Directions → Every line of the material below should be output exactly as written, with the images skipped.

Data extract →
-----

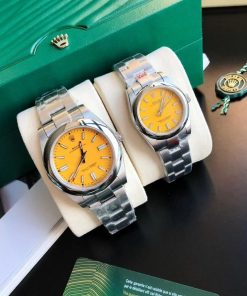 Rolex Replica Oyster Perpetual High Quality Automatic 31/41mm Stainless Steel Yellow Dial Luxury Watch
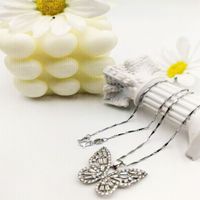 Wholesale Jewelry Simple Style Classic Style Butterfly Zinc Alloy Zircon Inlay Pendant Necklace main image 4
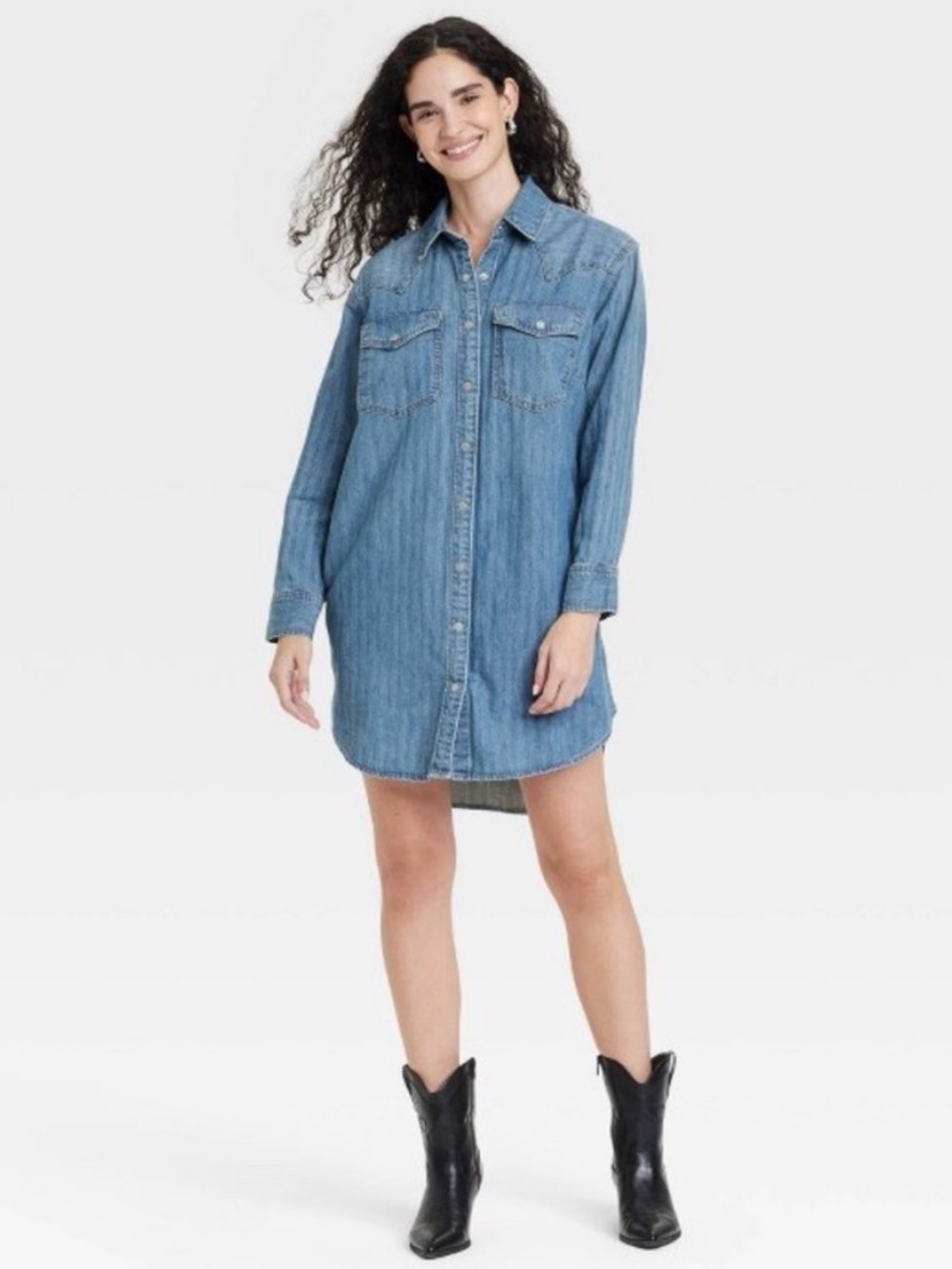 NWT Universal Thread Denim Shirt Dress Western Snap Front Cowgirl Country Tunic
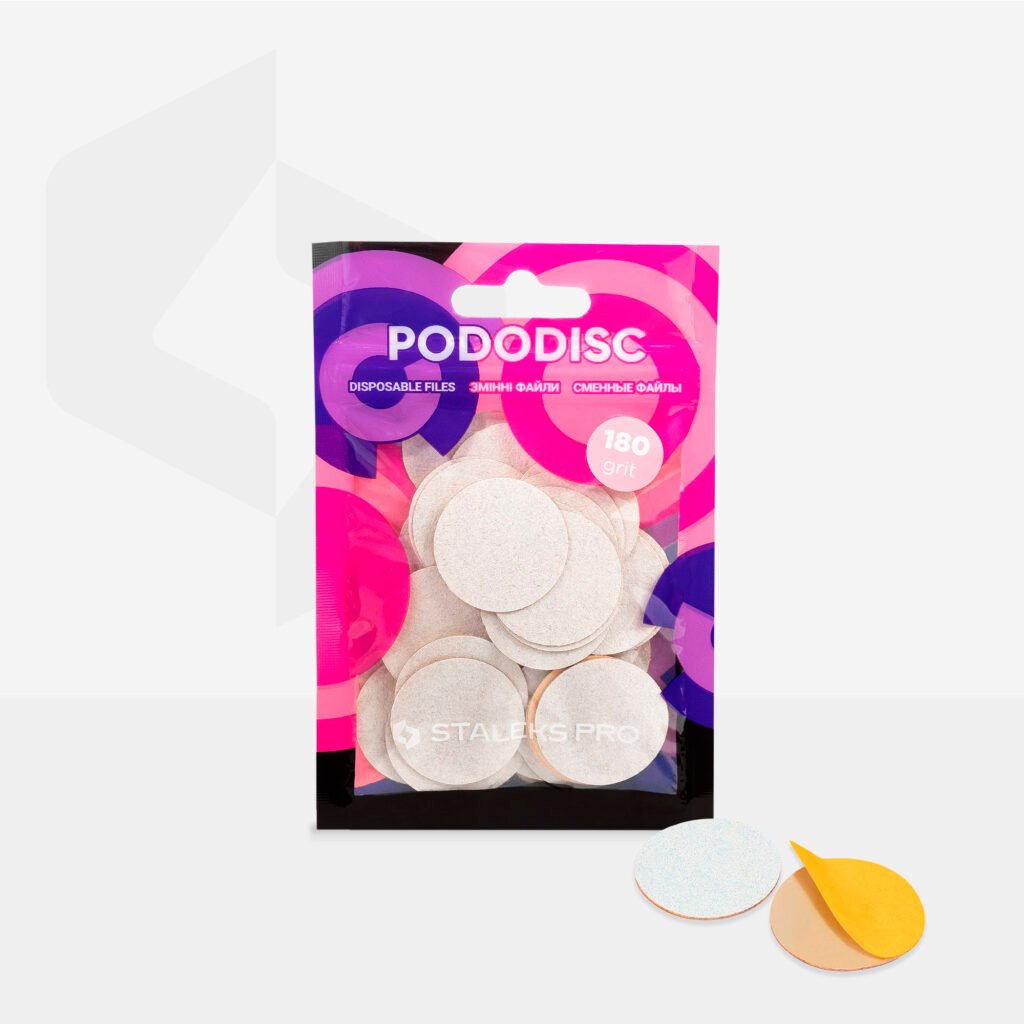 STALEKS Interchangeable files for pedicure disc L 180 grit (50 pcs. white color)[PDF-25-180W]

-----

Answer below →
 Rolex Replica Oyster Perpetual High Quality Automatic 31/41mm Stainless Steel Yellow Dial Luxury Watch
 Wholesale Jewelry Simple Style Classic Style Butterfly Zinc Alloy Zircon Inlay Pendant Necklace main image 4
 NWT Universal Thread Denim Shirt Dress Western Snap Front Cowgirl Country Tunic
 STALEKS Interchangeable files for pedicure disc L 180 grit (50 pcs. white color)[PDF-25-180W]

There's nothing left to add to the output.